COUR D'APPEL D'AIX-EN-PROVENCE

Chambre 2-4

ARRÊT AU FOND

DU 22 JANVIER 2025

N° 2024/13

Rôle N° RG 22/13947 - N° Portalis DBVB-V-B7G-BKF73

[F] [B] divorcée [U]

C/

[S] [B]

Copie exécutoire délivrée

le :

à :

Me Gaelle ROLLAND DE RENGERVÉ

Me Thomas HUGUES

Décision déférée à la Cour :

Jugement du Tribunal Judiciaire de MARSEILLE en date du 25 Août 2022 enregistré (e) au répertoire général sous le n° 19/01610.

APPELANTE

Madame [F] [B] divorcée [U]

née le [Date naissance 12] 1950 à [Localité 21]

de nationalité Française, demeurant [Adresse 16] - [Localité 17]

représentée par Me Gaelle ROLLAND DE RENGERVÉ de la SELARL LOPASSO-GOIRAND & ASSOCIES, avocat au barreau de TOULON

INTIMEE

Madame [S] [B]

née le [Date naissance 7] 1958 à [Localité 21], demeurant [Adresse 15] - [Localité 2]

représentée par Me Thomas HUGUES, avocat au barreau de MARSEILLE

*-*-*-*-*

COMPOSITION DE LA COUR

L'affaire a été débattue le 11 Décembre 2024 en audience publique.
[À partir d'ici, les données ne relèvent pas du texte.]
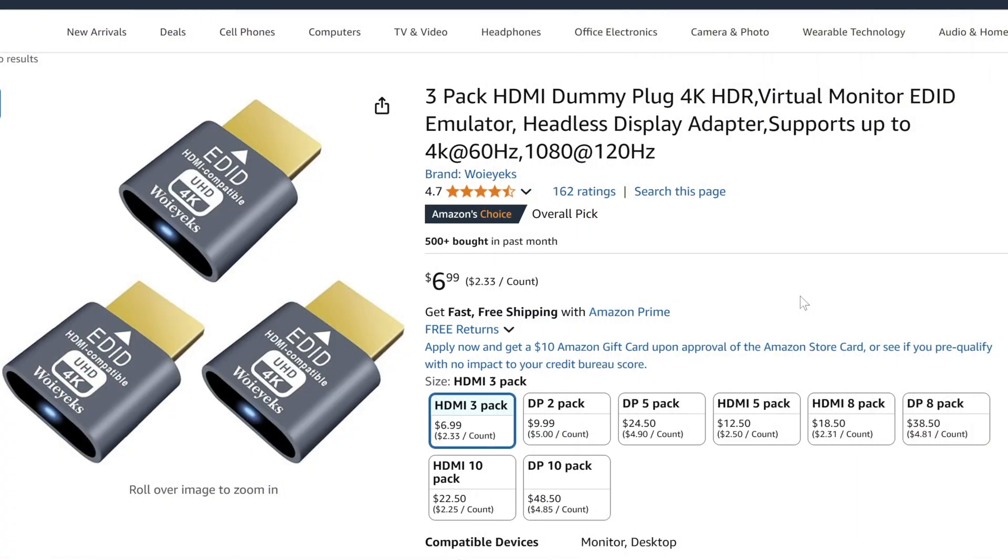This little device comes in packages of 2 or 3, for less than $10. I'll put the link in the description box.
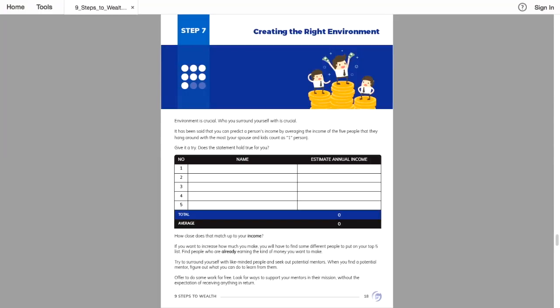If you want to increase how much you make, you will have to find some different people to put on your top five list. Find people who are already earning the kind of income you want to make.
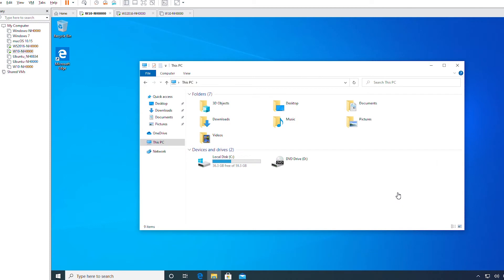Hello everyone. In this video, I'm going to show you how to create libraries in Windows 10. A library looks like an ordinary folder, but it is actually a virtual folder that points to files and folders in different locations on your hard disk, network drive, or external drive.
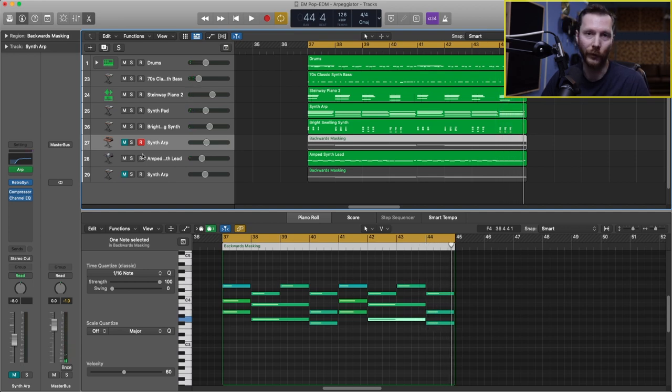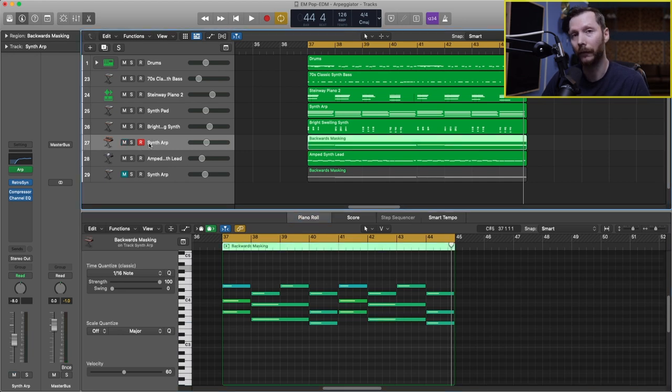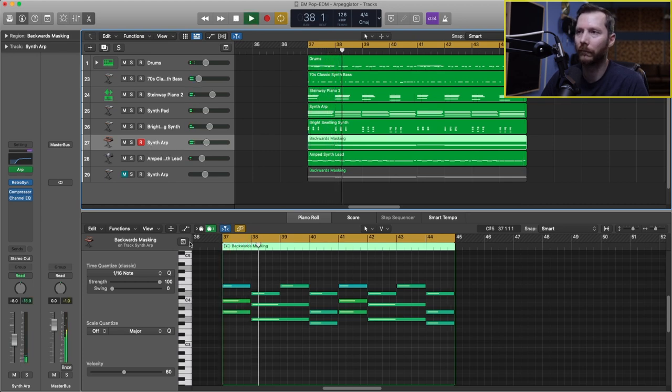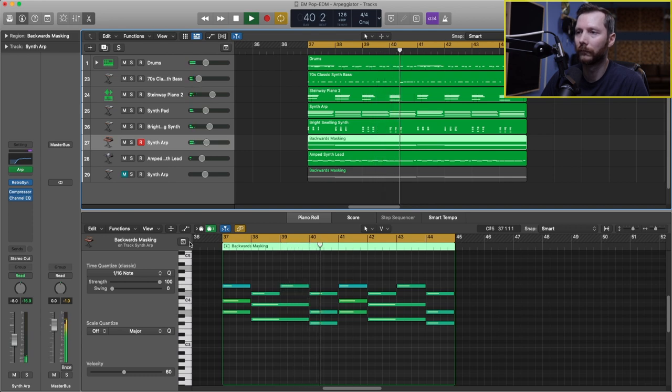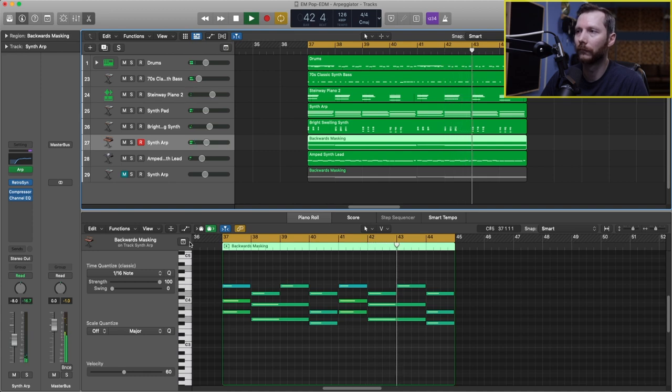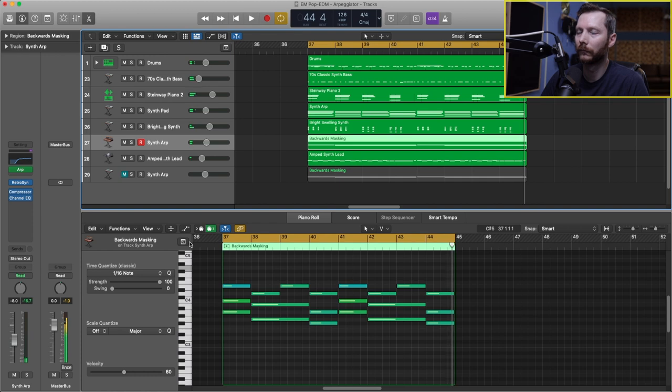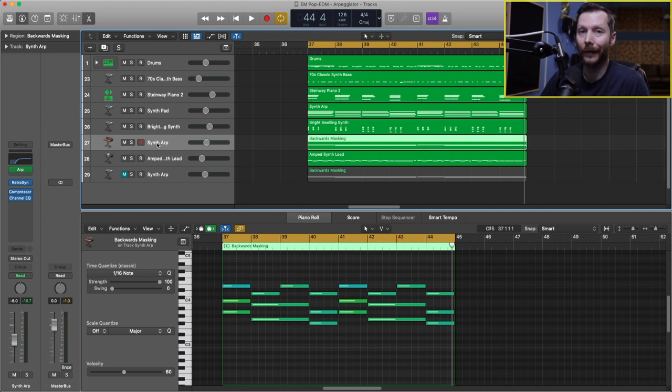So I just took the chords from that progression, which you can see here. And we'll add our arpeggiator back in. So it's a real easy way of just augmenting your track a little bit.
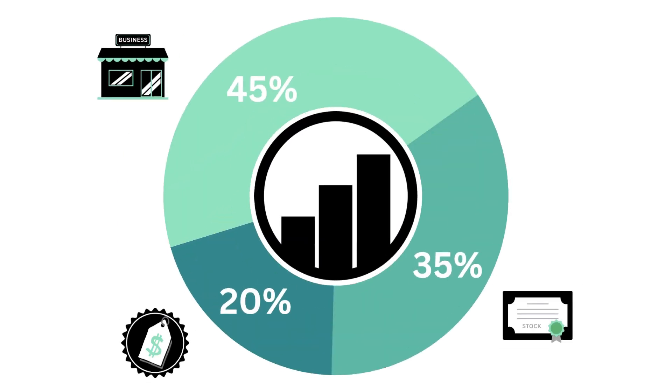This analysis is divided into three factors: the business, the stock, and the price, with each weighted according to their importance.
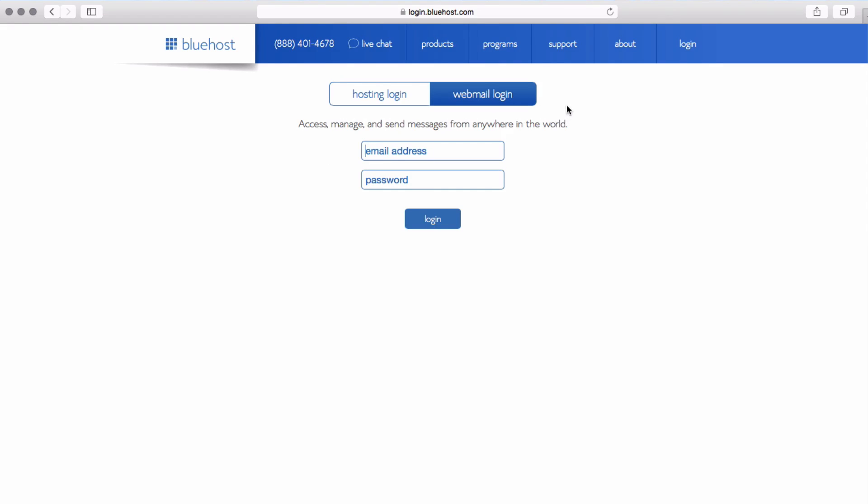Make sure that you have webmail login selected. Then you will enter your email address and password.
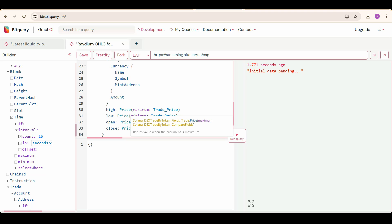Then we are getting high, low, open, and close prices. For highest and lowest price in the time interval, we are doing maximum and minimum of trade price respectively. And for open and close, we are taking prices where block slot was minimum and maximum respectively, because open price is the price from the first trade in the specified block slot, and close price is the price from the last trade in this specified block slot.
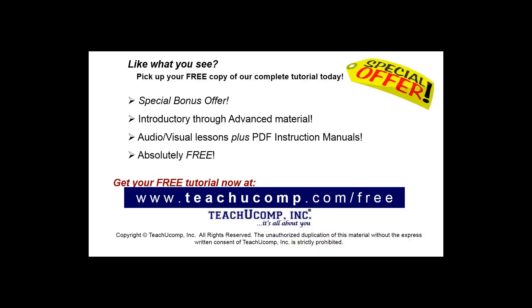Like what you see? Pick up your free copy of the complete tutorial at www.teachucomp.com forward slash free.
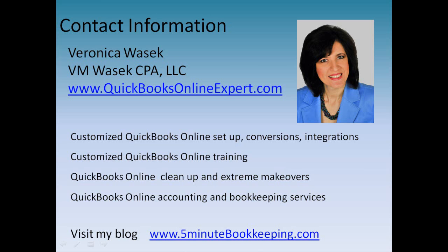You can learn more about me and my services at QuickBooksOnlineExpert.com and visit my blog at 5minutebookkeeping.com.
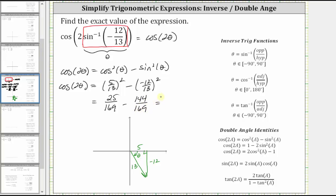Now subtracting, the denominator stays the same and we subtract the numerators. 25 minus 144 is equal to negative 119, and therefore the given expression is equal to negative 119 over 169.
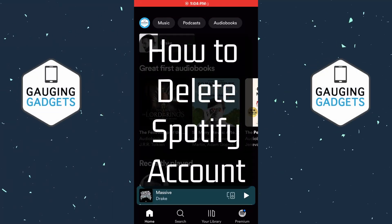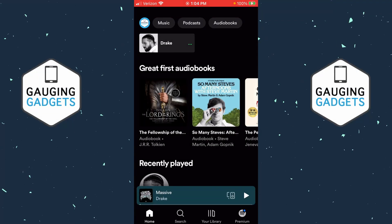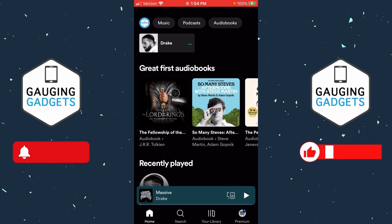How to delete Spotify account. In this video I'm going to show you how to permanently delete or close your Spotify account on an iPhone or Android phone. If this video helps you please consider giving it a like and also subscribe to my channel because that really helps me out.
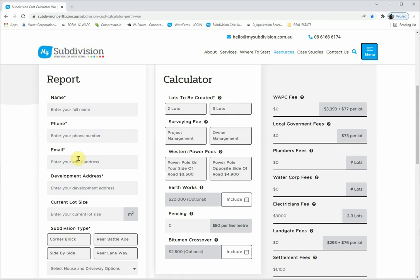Before I get too stuck into the calculator, I want to explain the inbuilt values. We project manage so many subdivisions that we know what things cost — at the height of the market, on the low end, and when things are really busy. In a market like 2021–2022 it's absolutely crazy, prices are through the roof. Rather than pick the highest price we see now, we change the values from time to time and take an average.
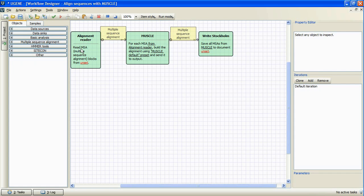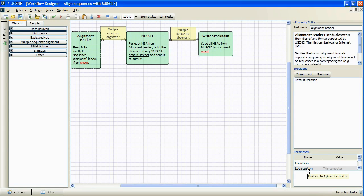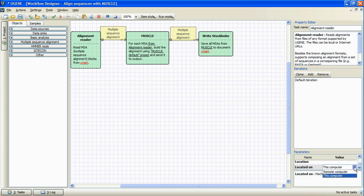Let's specify the location to read MSA blocks from for alignment reader. As we can see, we can specify the type of location, local and remote computer.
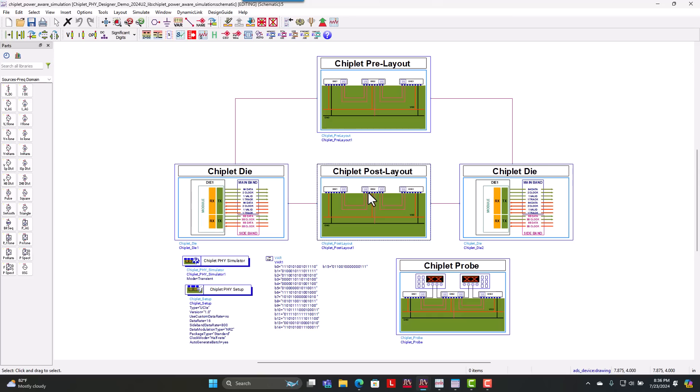we can now go over to PI Pro and extract our PDN for this package and overall assess how this package design and its optimized design nature is really set up for our overall chiplet application.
Conformément à l'article 804 du code de procédure civile, Madame Michèle JAILLET, Présidente, a fait un rapport oral de l'affaire à l'audience avant les plaidoiries.

La Cour était composée de :

Madame Michèle JAILLET, Présidente

Madame Nathalie BOUTARD, Conseillère

Mme Pascale BOYER, Conseillère

qui en ont délibéré.

Greffier lors des débats : Mme Fabienne NIETO.

Les parties ont été avisées que le prononcé de la décision aurait lieu par mise à disposition au greffe le 22 Janvier 2025.

ARRÊT

Contradictoire,

Prononcé par mise à disposition au greffe le 22 Janvier 2025,

Signé par Madame Michèle JAILLET, Présidente et Mme Fabienne NIETO, greffier auquel la minute de la décision a été remise par le magistrat signataire.

***

EXPOS'' DU LITIGE

M. [P] [B], né le [Date naissance 18] 1917 à [Localité 21] (Bouches-du-Rhône), a épousé, le [Date mariage 1] 1947 à [Localité 21], Mme [J] [G], née le [Date naissance 5] 1921 à [Localité 20] (Haute-Corse).

Le couple [B]/[G] a fait précéder son union d'un contrat de mariage reçu le 9 juin 1947 par Maître [X], notaire à [Localité 21], adoptant le régime de séparation de biens.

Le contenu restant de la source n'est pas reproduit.